Alors, pour différer quelques peu la noirceur de mon caractère précédemment évoquer, j’alternerai, ceci pour votre repos quant à la considération que vous serez susceptible de m’attribuer sans mérite, voire avec regrets, j’alternerai donc en vous parlant ici de la banlieue qui m’a vu naître et à laquelle je serais tenté d’exiger une reconnaissance de la part de ses murs ; ceux qui garderont à jamais l’empreinte de mon court passage sur terre. Ce passage que je considère comme primordial au bien de l’humanité en général, et depuis ses débuts.
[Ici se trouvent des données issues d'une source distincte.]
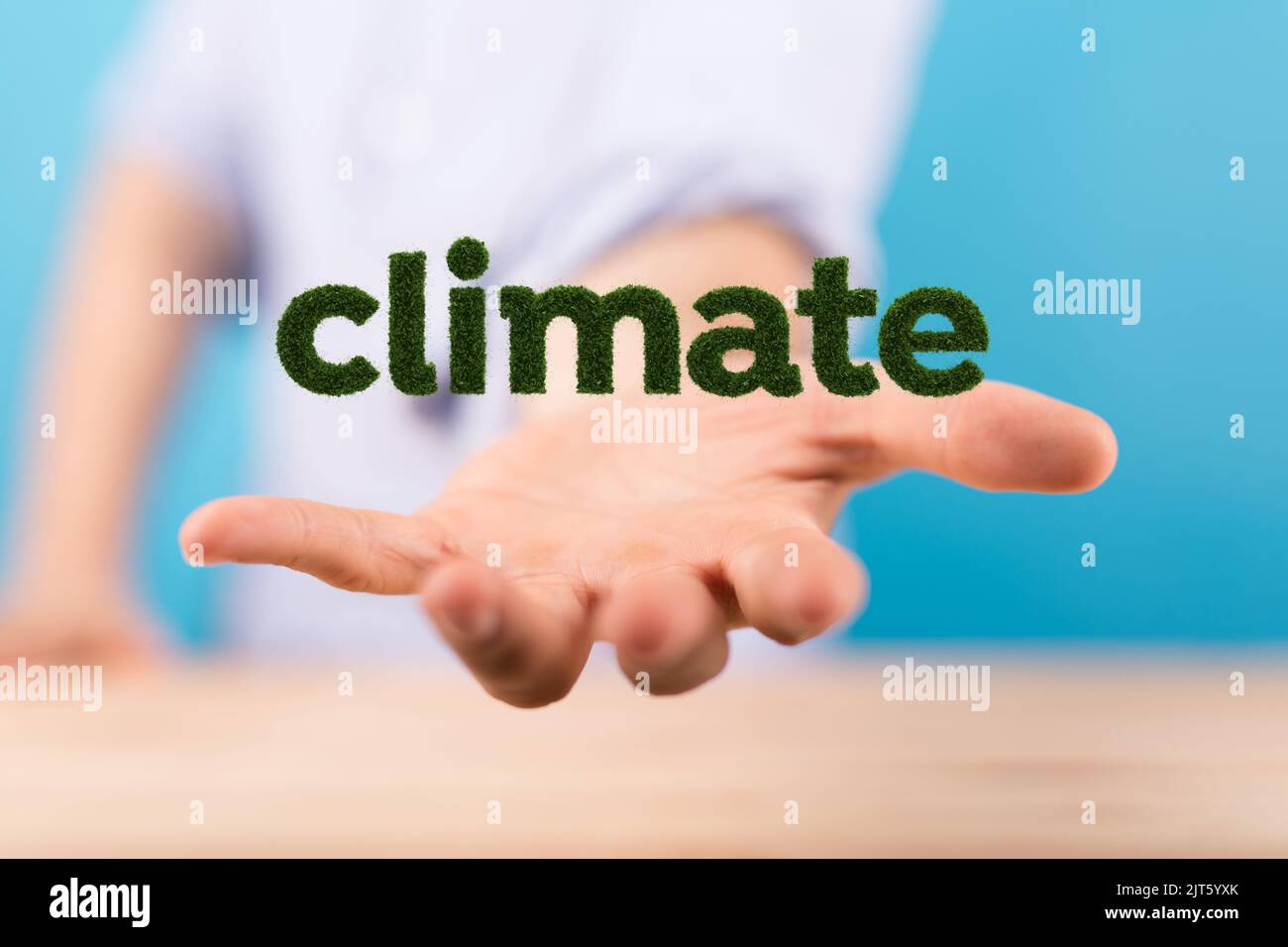 A 3D rendered climate text hovering in mans hand Stock Photo - Alamy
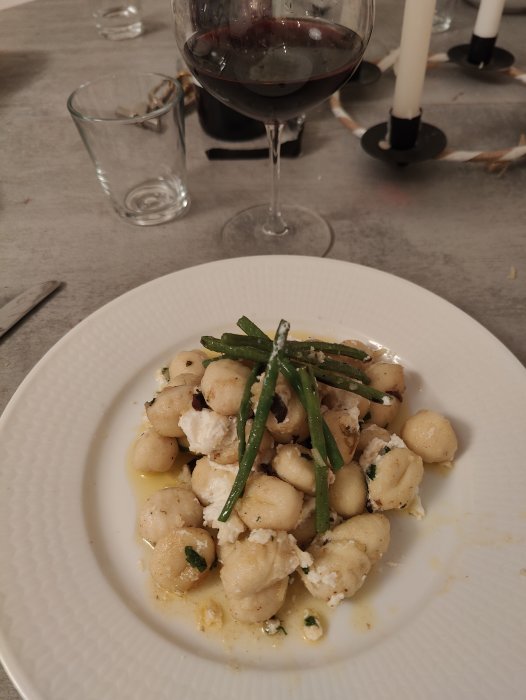 Gnocchi med gröna bönor och ost, vin, middagsbord med ljusstakar, mysig atmosfär.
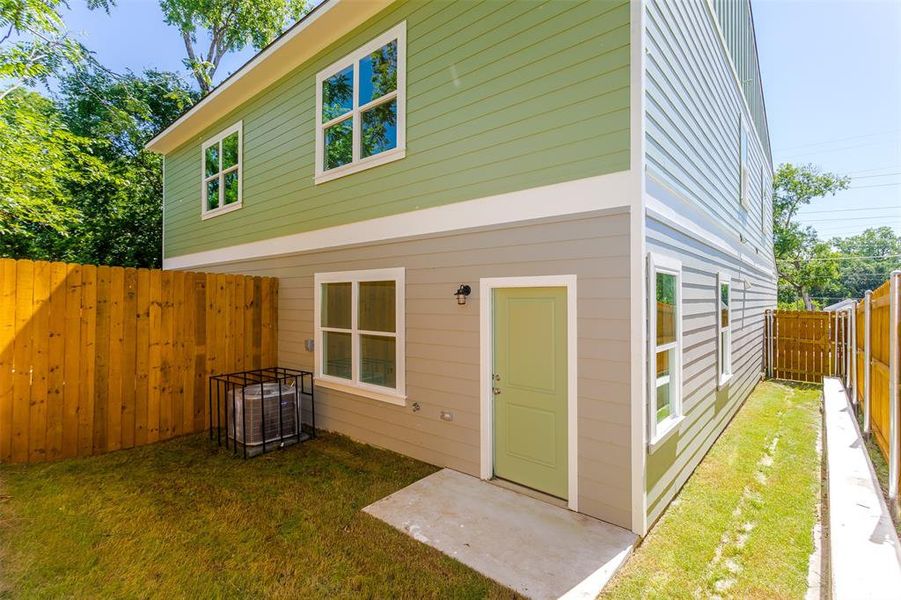 Back of property featuring central air condition unit and a yard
Voyez et constatez encore, à votre faible guise, les paroles d’un vil prétentieux ; celui que je suis sans conteste mais que jamais je n’aurais l’indélicatesse d’amoindrir, ne serait-ce qu’une seule seconde. Au hasard de cette banlieue donc – Nogent, Le Perreux -, je découvre dans un premier temps ma victime ; un nommé Norbert Dubuisson. Un ennemi d’école primaire qui me maîtrisa, à plusieurs reprises, dans la cour de récréation, jusqu’à me coller une raclée sous le préau. C’était en 1969 ; j’avais alors une relative notoriété tant auprès de mes camarades que des autres élèves de la classe, ainsi même sur l’ensemble de l’établissement, et ce type m’humilia ce jour devant au moins trente pairs d’yeux, et ceci de sa simple hégémonie physique. Il avait alors  quelques dix huit mois de plus que la terreur de ma personne.

A cette époque j’avais juré vengeance. Là, je retrouvais mon coupable ! Occasion rêvée de me satisfaire doublement ; premièrement pour ladite vengeance, certes retardataire, et deuxièmement pour mon nouveau stimulant dessein : celui d’occire un non innocent quidam à la base de mon plan.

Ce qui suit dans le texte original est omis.